Teach­ing Asian Amer­i­can Lit­er­a­ture has been inter­est­ing. First, it’s not my field, which has meant that I’ve had to learn not just about the three eth­nic Asian com­mu­ni­ties whose lit­er­a­ture we will be read­ing – Chi­nese Amer­i­can, Fil­ipino Amer­i­can and Iran­ian Amer­i­can – but also about the field of eth­nic Amer­i­can lit­er­a­ture in gen­eral. It’s nice, for a change, to be teach­ing some­thing that teaches me some­thing, but that is not actu­ally what inter­ests me tonight, sit­ting here in my office while my son goes to sleep and my wife takes a shower.
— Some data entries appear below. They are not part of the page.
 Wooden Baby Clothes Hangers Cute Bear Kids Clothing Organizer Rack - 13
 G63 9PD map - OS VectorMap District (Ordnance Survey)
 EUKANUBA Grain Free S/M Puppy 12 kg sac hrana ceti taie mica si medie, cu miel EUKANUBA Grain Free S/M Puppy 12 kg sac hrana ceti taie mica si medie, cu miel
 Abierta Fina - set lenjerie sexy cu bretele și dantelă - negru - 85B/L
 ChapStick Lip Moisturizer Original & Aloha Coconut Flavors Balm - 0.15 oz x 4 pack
The fact that I am teach­ing a course that is not in my field has started me think­ing about just what, pre­cisely, my field is. Because it’s been some time since I’ve felt like I have one.
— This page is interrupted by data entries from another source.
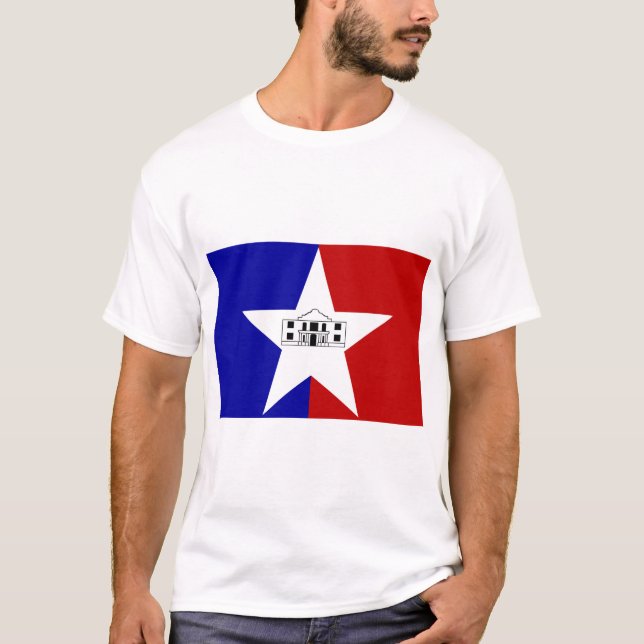 Camisa com bandeira de San Antonio City, Texas, EU (Frente)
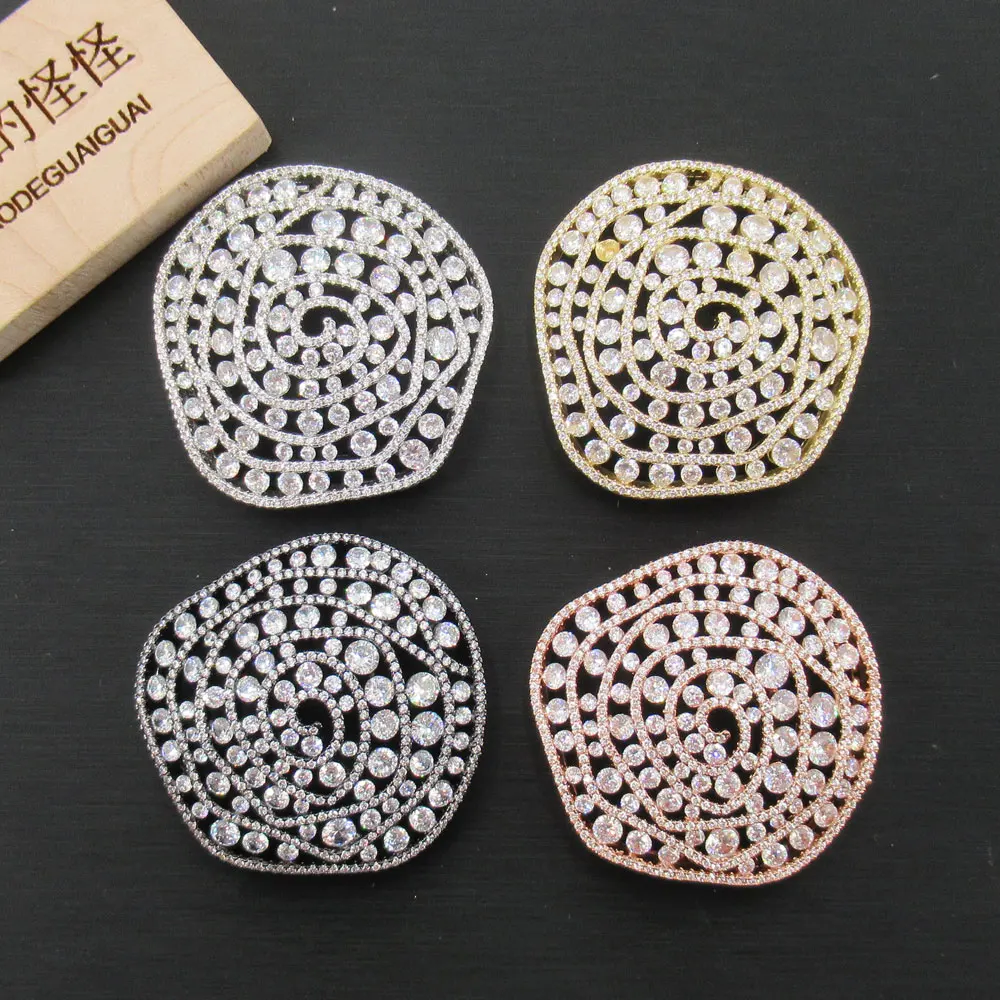 APDGG 40x42 мм позолоченная Подвеска 18 карат, подвеска в виде цветка с кристаллами, кулон с кубическим цирконием, микро подвеска, ювелирные изделия, сделай сам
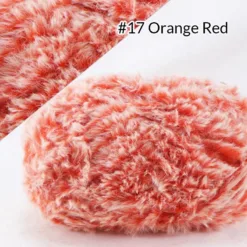 Faux Fur Mink Yarn – Fluffy Hand Knitting Yarn, 100G, 20 Colors - #17 Orange Red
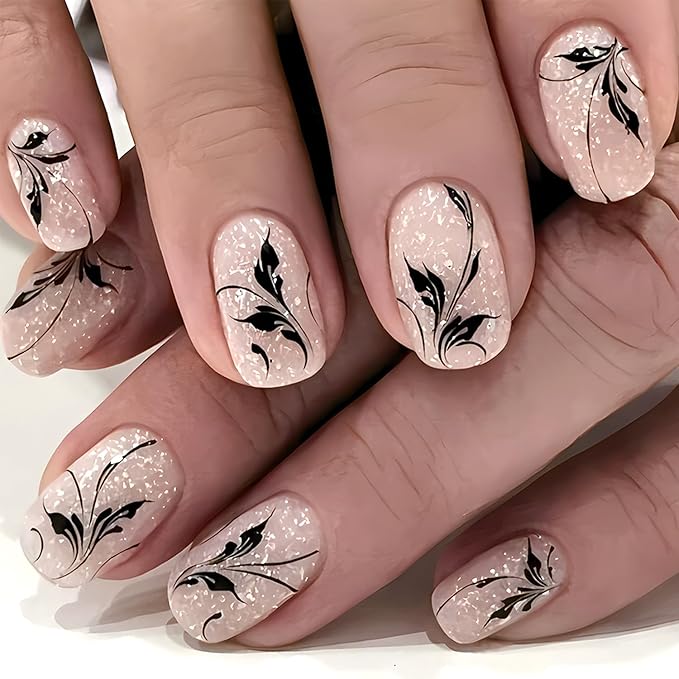 Fall Leaves Press on Nails Short Square False Nails With Glitter Design Full Cover Glue on Nail Reusable Black Leaves Acrylic Fake Nails Glossy Artificial Stick on Nail for Women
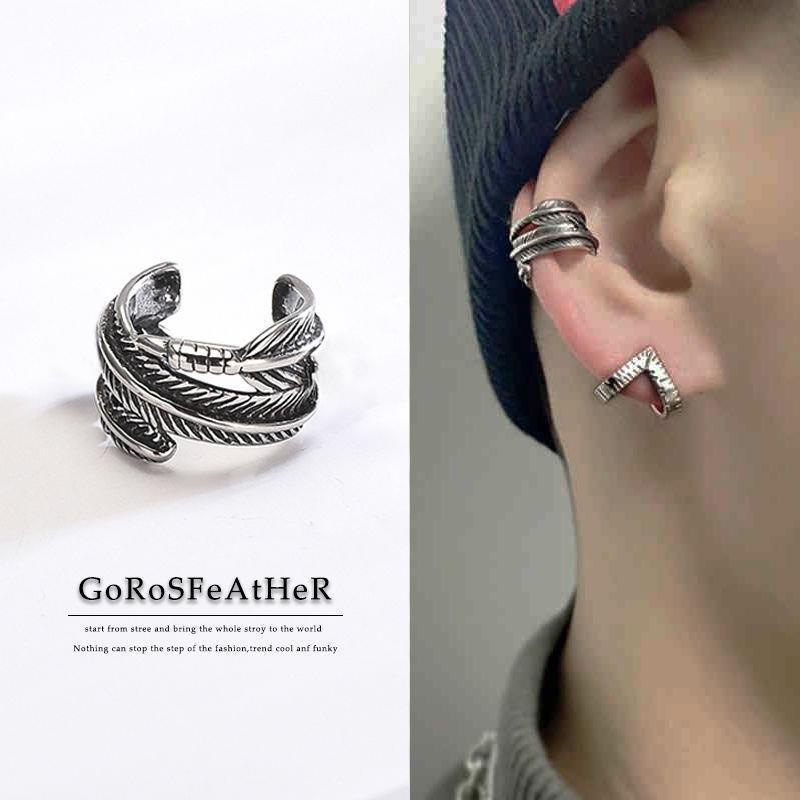 Men's Vintage Silver Ear Cuff with Feather Design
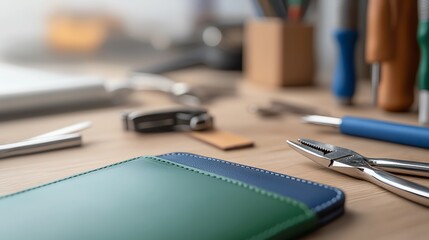 Fototapeta premium Close Up of a Modern Mobile Device Resting on a Wooden Table Alongside a Pair of Scissors Reflecting a Creative Workspace Atmosphere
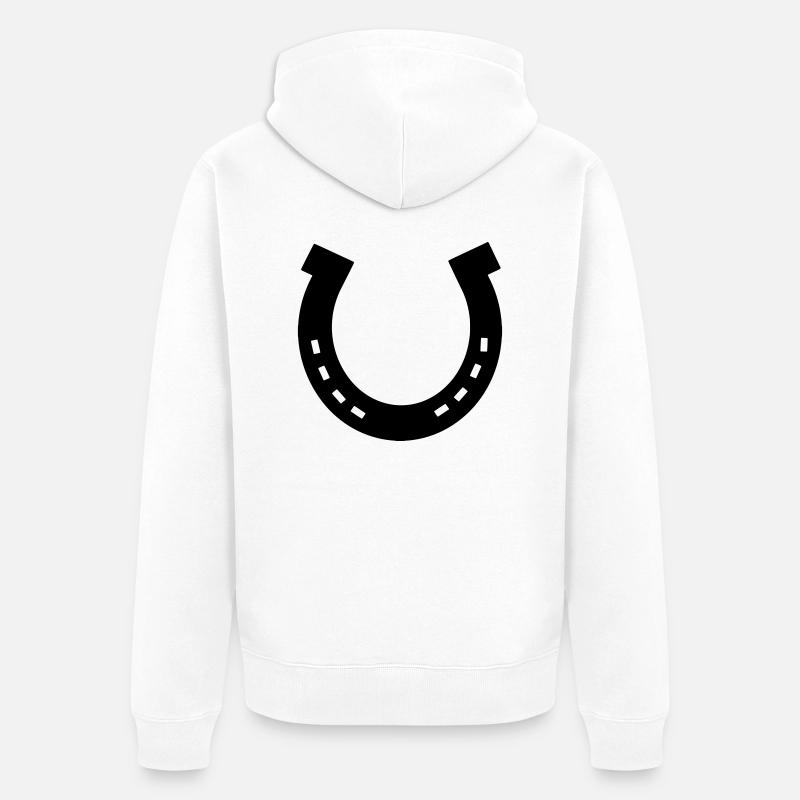 Fers à cheval, cheval - Veste à capuche bio Premium Unisexe - blanc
In terms of cre­den­tials, my field is Teach­ing Eng­lish to Speak­ers of Other Lan­guages. That’s what it says on my Master’s Degree, and that cre­den­tial is largely why I was hired by the col­lege where I now teach. Indeed, I spent my first five to seven years there doing almost noth­ing else but the work of the ESL pro­gram that the insti­tu­tion was in the process of build­ing. I loved the work, though I have not taught ESL classes for some time now and don’t plan to any­time in the near future. Indeed, if I were to be com­pletely hon­est, I think going into TESOL was, in the first place, a way for me to avoid the fact that what I really wanted to do was write.
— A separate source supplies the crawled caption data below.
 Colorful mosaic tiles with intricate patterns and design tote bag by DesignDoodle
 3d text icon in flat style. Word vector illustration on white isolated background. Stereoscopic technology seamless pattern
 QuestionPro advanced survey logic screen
I fin­ished my TESOL MA in 1987, three years after I grad­u­ated from Stony Brook Uni­ver­sity with a dou­ble major in Eng­lish and Lin­guis­tics. In Fall 1984, right after my senior year, I enrolled in the Cre­ative Writ­ing MA at Syra­cuse Uni­ver­sity – this was before they had an MFA – where I stud­ied with Tess Gal­lagher, Philip Booth and Hay­den Car­ruth. I lasted just one year. I was 22 at the time, and I was sure that writ­ing poetry was what I wanted to do with my life. I fig­ured I’d make my liv­ing as a teacher, but it was as a writer that I intended to leave my mark. I t was not long before cir­cum­stances at Syra­cuse con­spired to make me real­ize how young I was, and how arrogant.

It was Philip Booth who sat me down towards the end of the Spring 1985 semes­ter and told me that, while I cer­tainly knew how to han­dle a line of verse, and while I also very clearly knew my way around a sen­tence, there was not yet a real cen­ter to my work, no set of con­cerns out of which my poetry grew. That absence, he sug­gested, would make it very hard to write the the­sis – a book of poetry – that I would have to write in my sec­ond year. What I needed, he said, was to live a lit­tle bit and there was just no get­ting around the fact that liv­ing would take time. So why didn’t I take some time away from school, he offered, and see what that did to my writ­ing. Mr. Booth’s words – I never got to the point where I felt com­fort­able call­ing him Philip – meant a great deal to me, and if I had to say now what I learned from them it would be that you don’t have to go to school to become a writer.

So I went to my grad­u­ate advi­sor and told him I wanted to take a year off from school to work on my writ­ing. I was not expect­ing his response. “If you want to go com­mune with your muse,” he sneered at me (and, yes, it was a sneer), “that’s your busi­ness, but you came to school – or at least I assume you came to school – to learn some­thing and that’s not going to hap­pen sit­ting alone beneath a tree try­ing to cap­ture the wind in a song!” This was dur­ing what I have heard peo­ple refer to as The The­ory Wars, when lit­er­ary the­o­rists and cre­ative writ­ing fac­ulty were, quite lit­er­ally, at war with each other over the legit­i­macy of their dif­fer­ent pur­suits. My grad­u­ate advi­sor was clearly in the the­o­rists’ camp, and I guess I have him to thank that not only did I take time off from Syra­cuse, but also that I never went back. I think I have led a much more inter­est­ing life than if I’d stayed at Syra­cuse and got­ten my MA, though it is also true that if I’d known then what I know now about acad­e­mia, and if I’d known then that I would end up as an aca­d­e­mic, I might have made very dif­fer­ent choices.